三菱電機が開発したAI技術は、1本のマイクで同時録音した複数の人間の音声を分離、再生できる=24日、東京都千代田区【拡大】
三菱電機は24日、人工知能(AI)の技術ブランド「Maisart(マイサート)」を立ち上げたと発表した。
AIの音声認識や学習能力の高度化、産業ロボットや車載機器への搭載などを進める。電機、IT業界でAIの技術開発や人材獲得の競争が激化する中、独自ブランドで存在感を発揮し、成長が見込めるAI市場の開拓を狙う。
この日は、報道陣向けにAIや自動運転、すべてのモノをネットにつなぐ「IoT」などの研究開発成果の披露会を開催。AIを活用して、マイク1本で同時録音した複数の人間の音声を分離し、再生する技術を公開した。
2人で90%以上、3人では80%以上の原音再現率を達成。異なる性別や言語でも音声を分離することができ、同時に10人の話を聞き分けたとも伝えられる聖徳太子を連想させる音声認識力をアピールした。
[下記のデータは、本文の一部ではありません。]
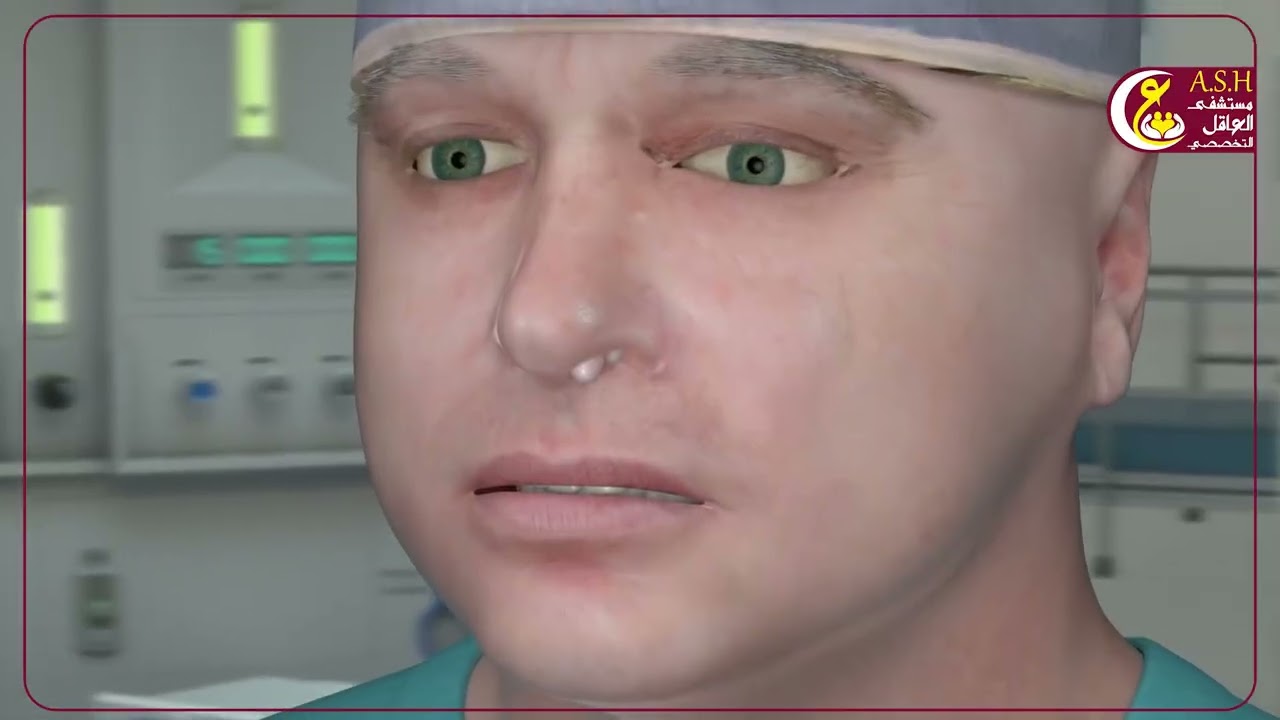 التهاب الجيوب الأنفية المزمن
将来的には、カーナビゲーション、家電、エレベーターなどの音声認識技術に応用させたい考えだ。
このほか、人間がサポートをしなくても、センサーから得た情報から従来比約50分の1の短時間で自ら学習し、さまざまな機器を制御できるAI技術も披露された。
三菱電機は2017年度にAI、自動運転、IoTなど研究開発費全体で過去最高となる2120億円を投じる計画だ。